State v. Hodges

WASSERSTROM, Judge.

A jury found both defendants guilty of attempted burglary in the first degree. Each defendant appeals, assigning as error: (1) the overruling of their respective motions for a directed verdict; (2) the form of the respective verdict-directing instructions; and (3) a ruling by the trial court restricting cross-examination of one of the State’s witnesses. We affirm.

The prosecution introduced evidence to show that at about 3:00 a. m. on July 10, 1977, John Leslie McCurdy was awakened by noise and voices immediately outside of his home. Apprehensive, he called the police. While calling, he heard screens being ripped from bedroom windows and he heard a plant situated on a stool within a foot of the window crashing to the floor. At the same time, he could see shadows cast upon the couch next to him reflecting movement by those outside one of the windows. From observing these shadows, it appeared to him that one person was crouching down as though stepping through the window.

Shortly thereafter the police arrived, and the three persons outside the house fled. Following a chase, the two defendants were apprehended. The police found in the vicinity a shotgun, a starting pistol and a can of mace. A screwdriver was also either taken from the person of defendant Hodges or from the ground close to where he was apprehended or had been. Also found below one of the windows with a torn screen was a new bicycle kick stand.

I.

The first point on appeal in each appellant’s brief reads as follows: “The trial court, in error, overruled the defendant’s motions for a directed verdict of acquittal at the close of the State’s case and at the close of the entire case, to the prejudice of the defendant [Nathaniel Hodges] [Bernard Alonzo Gray].” This assignment is insufficient under Rule 84.04(d) for the reason that it does not state wherein and why the challenged ruling of the trial court was erroneous. Nevertheless, this point will be reviewed for plain error under Rule 27.-20(c).
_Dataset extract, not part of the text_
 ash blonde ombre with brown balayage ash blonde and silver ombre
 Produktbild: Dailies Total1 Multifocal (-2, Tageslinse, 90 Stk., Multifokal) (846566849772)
Both defendants argue principally under this point that the evidence shows a completed offense of burglary and that therefore the State was barred under Section 556.160, RSMo 1969 from charging them with a mere attempt to commit burglary. The rule which defendants seek to invoke applies only where the proof shows substantial evidence that the attempted offense was in fact consummated. State v. Gadwood, 342 Mo. 466, 116 S.W.2d 42 (1938); State v. Baker, 276 S.W.2d 131 (Mo.1955). In order for there to have been a consummated burglary, there must therefore have been some substantial evidence of an entry. Such proof is here lacking.
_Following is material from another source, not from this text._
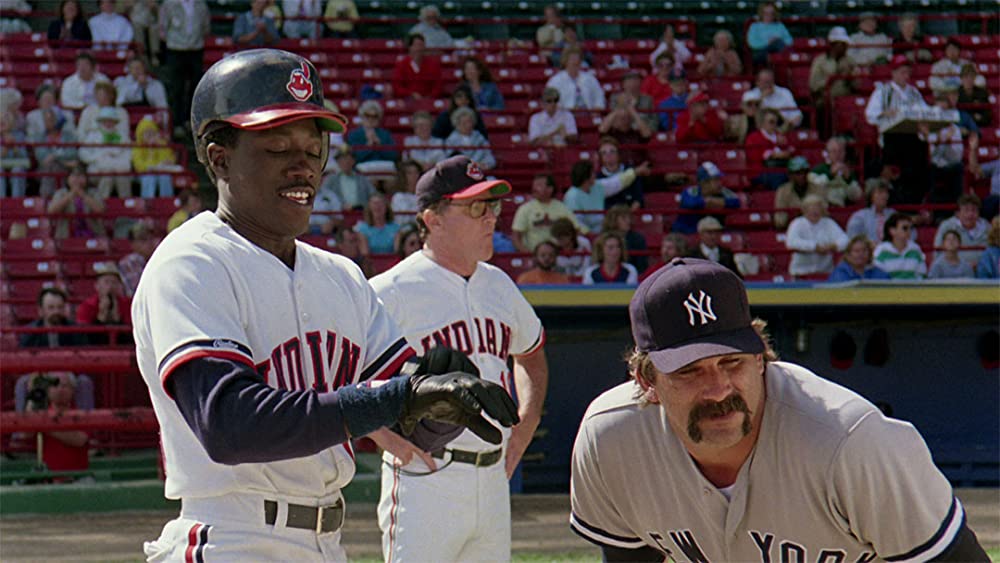 「メジャーリーグ」ウェズリー・スナイプスの画像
Defendants argue that entry is shown in two ways: (1) by reason of McCurdy’s observation of the shadows cast on his couch, and (2) because of the fallen plant just inside the window. With respect to the testimony about the shadows, that was far too uncertain to amount to substantial evidence. Thus the McCurdy testimony went in part as follows:

“Q. Mr. McCurdy, did you see any of the individuals enter your house?
A. No, sir, I did not.
Q. When you say that, did any of them enter ever so slightly in any way, shape or form?
A. Not that I could testify to. Like I say, I did see the silhouette on the couch but_[interrupted]
Q. What did you view; what was this silhouette, can you tell us—
A. Silhouette was two — what I assumed to be men, at the window, and since it was only two dimensional silhouette I couldn’t tell exactly what they were doing. They were at the window and there was the noise accompanying their movements at the window. I couldn’t distinguish any features or anything because of the silhouette. There’s a street light on the street behind the window there, that’s how I got the silhouette.
*772Q. Just as the police came, did any of these men enter or make any movements to enter your house?
A. Like I say, said before, with the two dimension of the silhouette I couldn’t really tell. A man was crouching down and he made a lifting movement at the window. I assume that he was coming in the window, but I couldn’t really tell.
Q. Did the shadows indicate he was coming in the window?
A. They did.
Q. Did any part of his body, according to that silhouette, penetrate the pane of the window?
A. I can’t tell for sure.
* * * * * *
Q. Can you tell me—this is very important—go back to the situation where—when you saw the silhouette coming through your window. Can you tell us exactly what you saw?
A. I saw a silhouette of two men at the window and just as the police car pulled up, I saw one of them crouching in a position that I interpreted to be one that you would get into to go through the window. Whether or not he was actually through the ■ window, I can’t say. I would say he was in the process of attempting to enter the window. The silhouette did not allow for any detail, just general body movements.”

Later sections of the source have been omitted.